Per uno strano scherzo del destino, infatti, proprio mentre la Cassazione depositava la Sentenza che avrebbe potuto risolvere, finalmente, la situazione di incertezza creata da un legislatore semplicemente incompetente, il Parlamento è intervenuto nuovamente sulla materia.

Il 16 luglio scorso, infatti, la legge di “Conversione, con modificazioni, del decreto-legge 18 maggio 2012, n. 63, recante disposizioni urgenti in materia di riordino dei contributi alle imprese editrici, nonché di vendita della stampa quotidiana e periodica e di pubblicità, istituzionale” ha previsto che “Le  testate  periodiche  realizzate  unicamente  su supporto informatico e diffuse unicamente per via  telematica  ovvero on line, i cui editori non  abbiano  fatto  domanda  di  provvidenze, contributi o agevolazioni pubbliche e che conseguano ricavi annui  da attività editoriale non superiori a 100.000 euro, non sono soggette agli obblighi stabiliti dall’articolo 5 della legge 8 febbraio  1948, n. 47,  dall’articolo 1 della legge 5 agosto 1981, n. 416,  e successive modificazioni, e dall’articolo 16  della  legge 7  marzo 2001, n. 62, e ad esse non si applicano le disposizioni di  cui  alla delibera dell’Autorità per le garanzie nelle comunicazioni  n. 666/08/CONS del 26 novembre 2008, e successive modificazioni”.

Ordine, contrordine uguale disordine viene da dire.

Secondo la cassazione solo i giornali online i cui editori intendono accedere ai contributi all’editoria sarebbero tenuti alla registrazione della testata mentre, secondo il Parlamento – la nuova disciplina è successiva alla Sentenza del caso Ruta – l’obbligo di registrazione sussisterebbe anche per quei giornali i cui editori, conseguano ricavi annui superiori ai 100 mila euro.

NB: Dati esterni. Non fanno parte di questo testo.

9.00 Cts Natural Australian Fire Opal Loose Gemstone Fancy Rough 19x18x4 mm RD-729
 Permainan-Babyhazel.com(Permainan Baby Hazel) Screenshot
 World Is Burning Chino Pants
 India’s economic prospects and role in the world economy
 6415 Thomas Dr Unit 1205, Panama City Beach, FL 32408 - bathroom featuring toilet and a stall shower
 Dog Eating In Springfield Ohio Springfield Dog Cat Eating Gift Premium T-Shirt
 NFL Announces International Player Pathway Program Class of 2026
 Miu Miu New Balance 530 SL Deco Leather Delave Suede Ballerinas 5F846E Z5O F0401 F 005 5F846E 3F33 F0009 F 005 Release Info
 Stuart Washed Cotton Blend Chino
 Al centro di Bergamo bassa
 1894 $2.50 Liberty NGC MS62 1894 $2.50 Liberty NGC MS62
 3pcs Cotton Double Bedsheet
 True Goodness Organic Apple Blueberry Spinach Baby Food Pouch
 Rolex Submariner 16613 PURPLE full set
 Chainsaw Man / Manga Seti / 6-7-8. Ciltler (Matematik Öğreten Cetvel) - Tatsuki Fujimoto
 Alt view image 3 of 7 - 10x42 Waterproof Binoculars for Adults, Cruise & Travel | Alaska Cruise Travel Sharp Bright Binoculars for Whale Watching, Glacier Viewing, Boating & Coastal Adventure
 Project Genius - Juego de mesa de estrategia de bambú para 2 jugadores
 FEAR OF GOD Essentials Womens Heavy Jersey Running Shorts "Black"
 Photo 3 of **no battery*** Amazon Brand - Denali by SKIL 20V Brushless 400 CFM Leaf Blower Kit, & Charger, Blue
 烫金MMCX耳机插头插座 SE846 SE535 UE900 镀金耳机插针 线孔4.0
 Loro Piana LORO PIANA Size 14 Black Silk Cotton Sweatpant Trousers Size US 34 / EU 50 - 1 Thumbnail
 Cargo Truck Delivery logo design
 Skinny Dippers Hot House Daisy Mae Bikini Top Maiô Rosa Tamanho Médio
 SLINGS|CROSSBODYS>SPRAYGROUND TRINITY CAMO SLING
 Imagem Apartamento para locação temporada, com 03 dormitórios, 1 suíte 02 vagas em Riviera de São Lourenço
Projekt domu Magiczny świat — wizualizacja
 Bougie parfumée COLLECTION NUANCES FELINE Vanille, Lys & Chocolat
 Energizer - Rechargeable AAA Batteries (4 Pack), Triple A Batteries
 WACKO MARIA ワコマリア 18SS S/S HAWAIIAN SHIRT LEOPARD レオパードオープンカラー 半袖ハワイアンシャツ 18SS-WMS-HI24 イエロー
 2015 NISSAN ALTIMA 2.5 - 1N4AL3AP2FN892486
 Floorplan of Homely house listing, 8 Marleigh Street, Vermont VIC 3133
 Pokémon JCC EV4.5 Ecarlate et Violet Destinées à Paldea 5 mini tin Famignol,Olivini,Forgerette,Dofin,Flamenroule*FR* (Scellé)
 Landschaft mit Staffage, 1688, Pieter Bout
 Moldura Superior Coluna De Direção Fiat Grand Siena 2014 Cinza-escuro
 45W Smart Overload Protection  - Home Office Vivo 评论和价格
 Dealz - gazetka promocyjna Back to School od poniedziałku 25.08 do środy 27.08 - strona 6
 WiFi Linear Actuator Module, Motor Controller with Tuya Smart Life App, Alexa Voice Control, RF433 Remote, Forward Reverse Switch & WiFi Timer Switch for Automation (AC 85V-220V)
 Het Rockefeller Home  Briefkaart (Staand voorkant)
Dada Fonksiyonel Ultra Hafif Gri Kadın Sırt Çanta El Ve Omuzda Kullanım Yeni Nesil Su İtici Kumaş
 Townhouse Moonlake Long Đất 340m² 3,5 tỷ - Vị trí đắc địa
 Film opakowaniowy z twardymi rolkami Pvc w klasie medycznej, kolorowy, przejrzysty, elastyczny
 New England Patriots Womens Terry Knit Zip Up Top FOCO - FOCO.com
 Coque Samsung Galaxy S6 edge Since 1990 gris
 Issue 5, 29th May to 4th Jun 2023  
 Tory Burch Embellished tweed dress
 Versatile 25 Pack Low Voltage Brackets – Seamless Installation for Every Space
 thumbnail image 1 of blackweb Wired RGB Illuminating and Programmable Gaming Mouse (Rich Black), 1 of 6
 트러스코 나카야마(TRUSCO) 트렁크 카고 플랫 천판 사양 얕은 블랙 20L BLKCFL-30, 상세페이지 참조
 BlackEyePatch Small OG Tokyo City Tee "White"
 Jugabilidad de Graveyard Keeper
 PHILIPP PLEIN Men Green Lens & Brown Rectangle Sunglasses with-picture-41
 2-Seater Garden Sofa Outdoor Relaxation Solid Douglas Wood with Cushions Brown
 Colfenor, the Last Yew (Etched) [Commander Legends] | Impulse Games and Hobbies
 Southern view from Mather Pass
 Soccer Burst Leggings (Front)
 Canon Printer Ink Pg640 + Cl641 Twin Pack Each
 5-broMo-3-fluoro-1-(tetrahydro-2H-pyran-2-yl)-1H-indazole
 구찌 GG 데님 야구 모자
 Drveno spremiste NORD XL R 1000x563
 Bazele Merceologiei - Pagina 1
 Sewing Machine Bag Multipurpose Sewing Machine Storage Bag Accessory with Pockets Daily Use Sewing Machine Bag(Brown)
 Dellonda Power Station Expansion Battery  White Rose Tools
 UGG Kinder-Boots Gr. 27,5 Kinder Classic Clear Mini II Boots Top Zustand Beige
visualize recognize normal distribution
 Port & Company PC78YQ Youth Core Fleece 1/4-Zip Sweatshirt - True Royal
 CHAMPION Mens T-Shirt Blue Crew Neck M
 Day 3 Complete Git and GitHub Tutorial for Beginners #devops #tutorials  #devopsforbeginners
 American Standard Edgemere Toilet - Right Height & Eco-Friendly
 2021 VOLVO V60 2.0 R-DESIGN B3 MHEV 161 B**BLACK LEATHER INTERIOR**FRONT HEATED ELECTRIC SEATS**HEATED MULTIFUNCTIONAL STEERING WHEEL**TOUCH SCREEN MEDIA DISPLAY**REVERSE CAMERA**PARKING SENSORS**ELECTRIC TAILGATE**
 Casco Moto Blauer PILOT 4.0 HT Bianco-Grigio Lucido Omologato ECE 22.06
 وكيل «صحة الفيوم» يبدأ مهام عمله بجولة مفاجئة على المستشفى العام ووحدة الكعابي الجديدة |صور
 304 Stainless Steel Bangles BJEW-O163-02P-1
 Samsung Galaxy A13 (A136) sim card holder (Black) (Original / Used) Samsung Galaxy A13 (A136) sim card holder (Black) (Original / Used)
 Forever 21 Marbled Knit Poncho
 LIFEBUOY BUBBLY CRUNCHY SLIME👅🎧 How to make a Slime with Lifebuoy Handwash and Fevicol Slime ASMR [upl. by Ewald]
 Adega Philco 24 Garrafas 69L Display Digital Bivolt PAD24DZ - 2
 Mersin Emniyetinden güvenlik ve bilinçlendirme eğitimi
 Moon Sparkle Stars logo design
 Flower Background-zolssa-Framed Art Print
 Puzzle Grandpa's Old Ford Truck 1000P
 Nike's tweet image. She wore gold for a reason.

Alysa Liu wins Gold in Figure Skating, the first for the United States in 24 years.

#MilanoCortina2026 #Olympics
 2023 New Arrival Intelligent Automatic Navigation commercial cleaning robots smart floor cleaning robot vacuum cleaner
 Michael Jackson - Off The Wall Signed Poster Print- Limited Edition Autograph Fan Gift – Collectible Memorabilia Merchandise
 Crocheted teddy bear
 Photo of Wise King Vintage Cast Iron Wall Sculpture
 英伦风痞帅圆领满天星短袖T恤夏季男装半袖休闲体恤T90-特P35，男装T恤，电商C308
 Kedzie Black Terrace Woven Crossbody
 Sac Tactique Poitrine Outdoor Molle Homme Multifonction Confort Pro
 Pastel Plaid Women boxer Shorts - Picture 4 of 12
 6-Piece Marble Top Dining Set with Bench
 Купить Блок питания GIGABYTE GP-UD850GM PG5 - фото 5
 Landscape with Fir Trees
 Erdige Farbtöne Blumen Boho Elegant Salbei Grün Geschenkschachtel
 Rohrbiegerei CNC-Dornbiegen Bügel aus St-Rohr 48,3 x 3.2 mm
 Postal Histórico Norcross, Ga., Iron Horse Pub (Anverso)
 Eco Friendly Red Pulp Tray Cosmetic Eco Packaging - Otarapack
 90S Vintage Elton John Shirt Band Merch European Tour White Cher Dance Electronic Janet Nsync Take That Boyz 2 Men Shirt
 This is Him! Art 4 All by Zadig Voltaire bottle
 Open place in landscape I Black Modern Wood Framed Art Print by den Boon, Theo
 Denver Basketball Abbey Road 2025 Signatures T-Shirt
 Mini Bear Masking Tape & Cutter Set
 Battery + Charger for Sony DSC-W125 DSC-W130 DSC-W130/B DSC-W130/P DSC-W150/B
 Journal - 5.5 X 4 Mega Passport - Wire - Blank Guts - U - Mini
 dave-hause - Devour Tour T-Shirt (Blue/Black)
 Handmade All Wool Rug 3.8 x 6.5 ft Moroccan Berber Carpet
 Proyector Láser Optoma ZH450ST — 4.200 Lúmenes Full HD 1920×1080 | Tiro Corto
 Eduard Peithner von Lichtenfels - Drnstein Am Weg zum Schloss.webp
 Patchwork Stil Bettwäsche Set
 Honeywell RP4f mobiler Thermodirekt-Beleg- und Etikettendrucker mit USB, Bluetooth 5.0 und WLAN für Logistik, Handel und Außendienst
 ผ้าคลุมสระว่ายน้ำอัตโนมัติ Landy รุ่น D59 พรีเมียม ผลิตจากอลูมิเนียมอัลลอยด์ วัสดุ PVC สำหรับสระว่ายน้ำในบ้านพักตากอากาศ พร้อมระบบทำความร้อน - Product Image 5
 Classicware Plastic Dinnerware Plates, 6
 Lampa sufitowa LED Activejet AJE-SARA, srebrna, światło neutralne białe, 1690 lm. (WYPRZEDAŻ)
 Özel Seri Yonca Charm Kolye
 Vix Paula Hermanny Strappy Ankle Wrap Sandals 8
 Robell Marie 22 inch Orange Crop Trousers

Certo potrebbe sostenersi che anche l’obbligo così ridisegnato dal Parlamento abbia una valenza solo amministrativa e che, pertanto, la sua violazione non costituisca reato ma è elevato il rischio che, per dirlo con certezza, sarà necessario attendere un’altra Sentenza della Cassazione che, magari – come nel caso Ruta – arriverà solo dopo che, un cittadino italiano, sarà stato costretto a passare per le forche caudine di due sentenze di condanna ed ad attendere sei anni, per aver semplicemente detto la sua online.

E’ una festa all’agrodolce nella quale non possiamo che prendere atto che restiamo un Paese poco libero e niente affatto moderno.